:: Problem details ::
Without the images, output each record below as it stands.

:: Given records ::
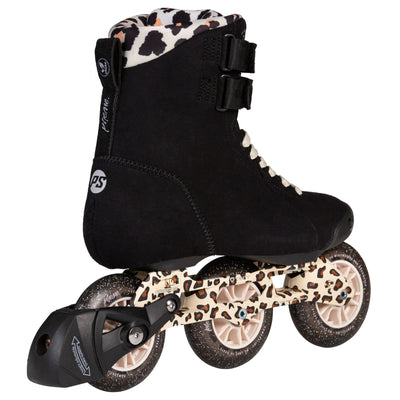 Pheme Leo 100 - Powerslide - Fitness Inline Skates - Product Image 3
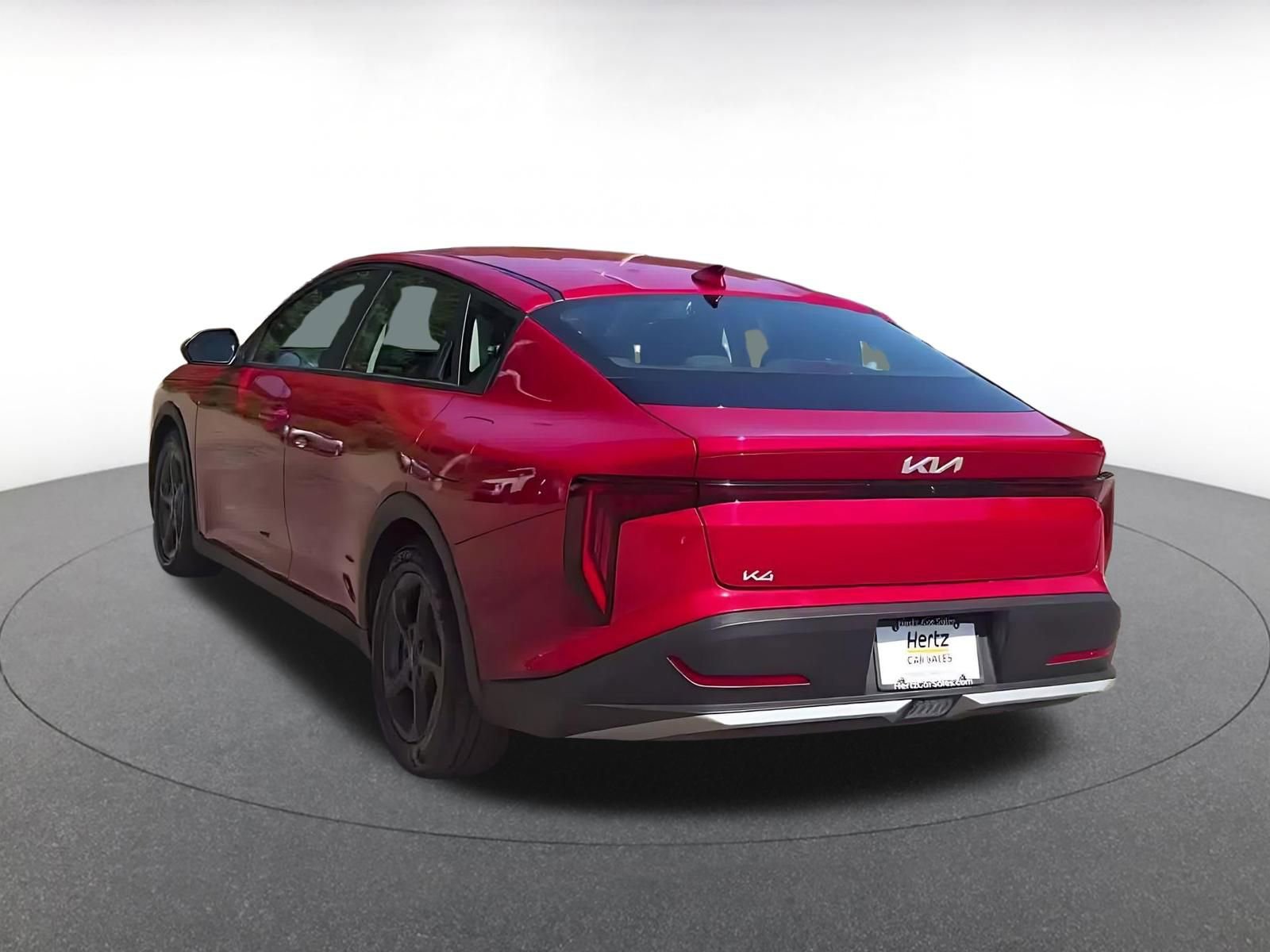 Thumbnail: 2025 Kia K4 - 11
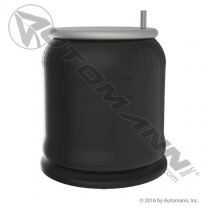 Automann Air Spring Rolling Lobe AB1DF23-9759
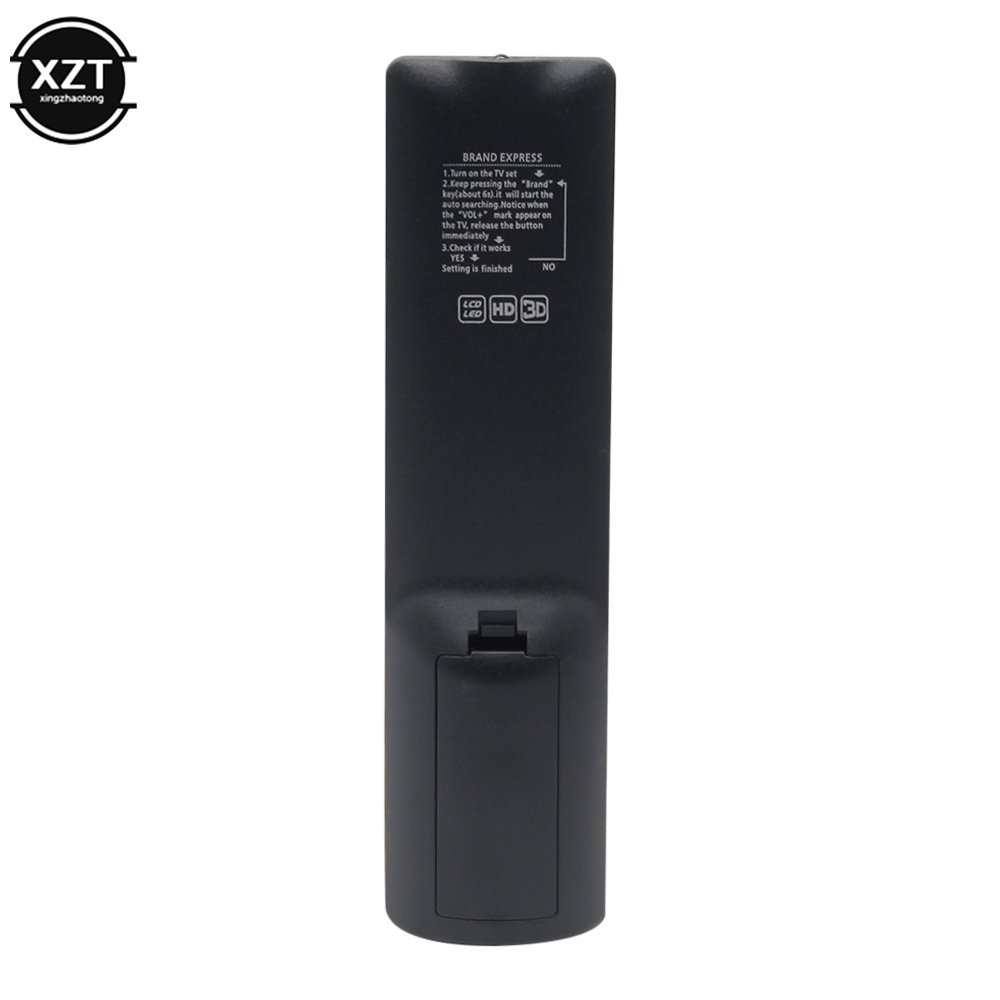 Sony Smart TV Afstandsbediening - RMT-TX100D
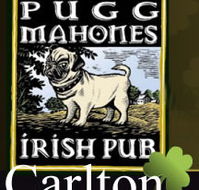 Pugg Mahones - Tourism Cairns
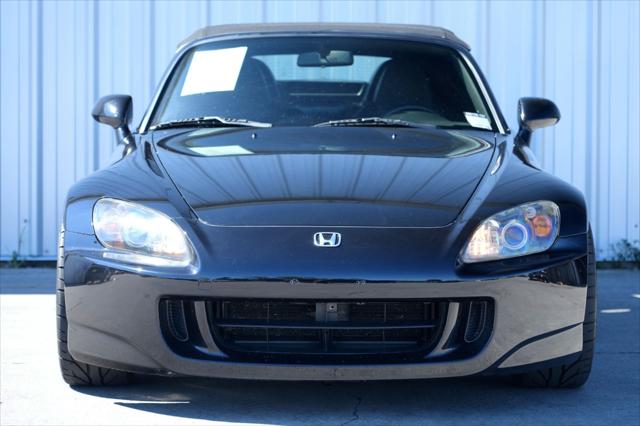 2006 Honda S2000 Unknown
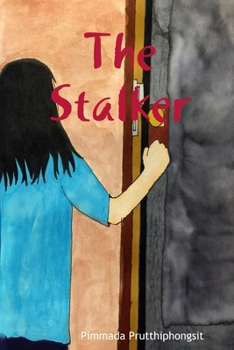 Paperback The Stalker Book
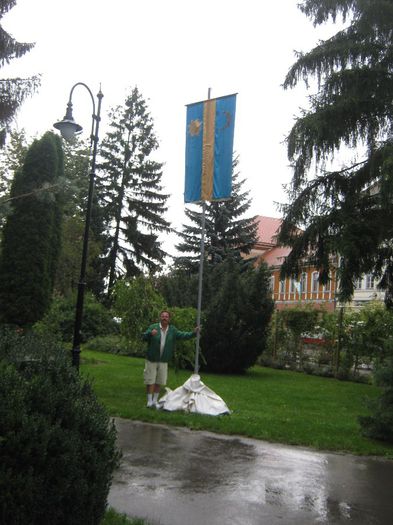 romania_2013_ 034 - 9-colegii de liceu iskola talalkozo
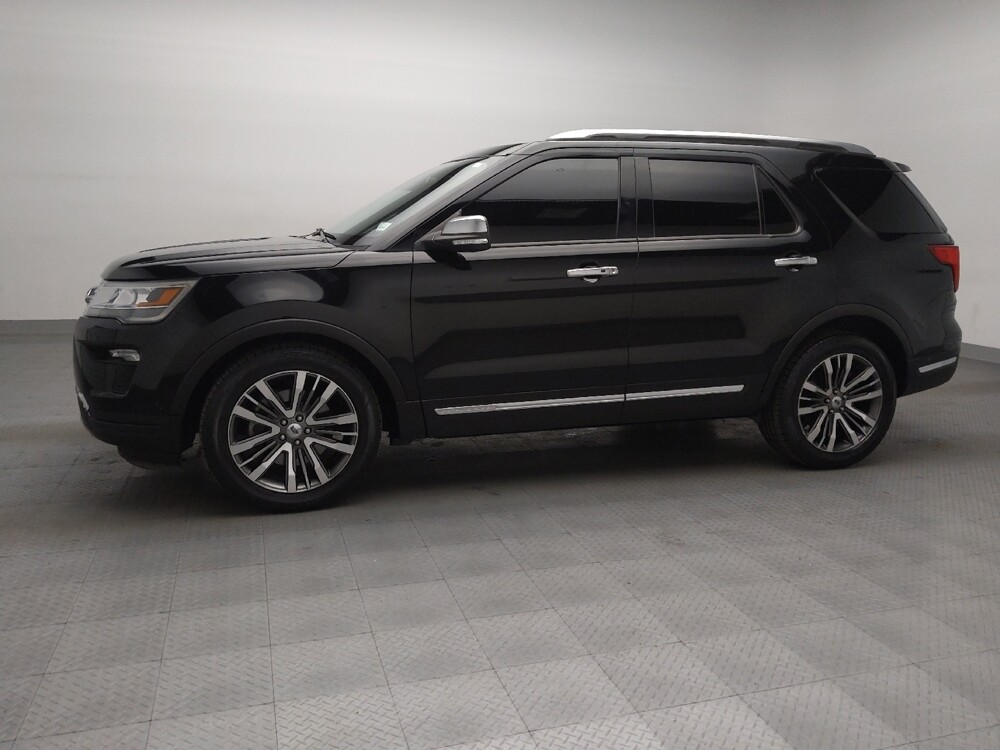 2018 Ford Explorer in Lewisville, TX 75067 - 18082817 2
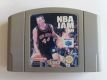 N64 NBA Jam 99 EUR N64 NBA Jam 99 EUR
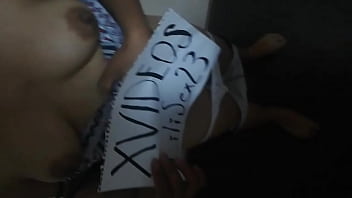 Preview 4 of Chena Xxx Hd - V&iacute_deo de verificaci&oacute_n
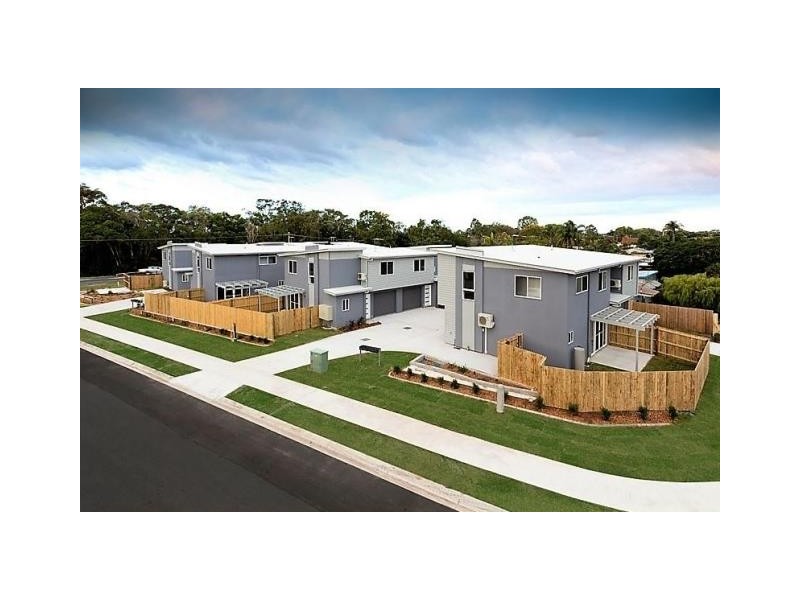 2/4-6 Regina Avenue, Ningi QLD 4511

:: Completed task ::
 Pheme Leo 100 - Powerslide - Fitness Inline Skates - Product Image 3
 Thumbnail: 2025 Kia K4 - 11
 Automann Air Spring Rolling Lobe AB1DF23-9759
 Sony Smart TV Afstandsbediening - RMT-TX100D
 Pugg Mahones - Tourism Cairns
 2006 Honda S2000 Unknown
 Paperback The Stalker Book
 romania_2013_ 034 - 9-colegii de liceu iskola talalkozo
 2018 Ford Explorer in Lewisville, TX 75067 - 18082817 2
 N64 NBA Jam 99 EUR N64 NBA Jam 99 EUR
 Preview 4 of Chena Xxx Hd - V&iacute_deo de verificaci&oacute_n
 2/4-6 Regina Avenue, Ningi QLD 4511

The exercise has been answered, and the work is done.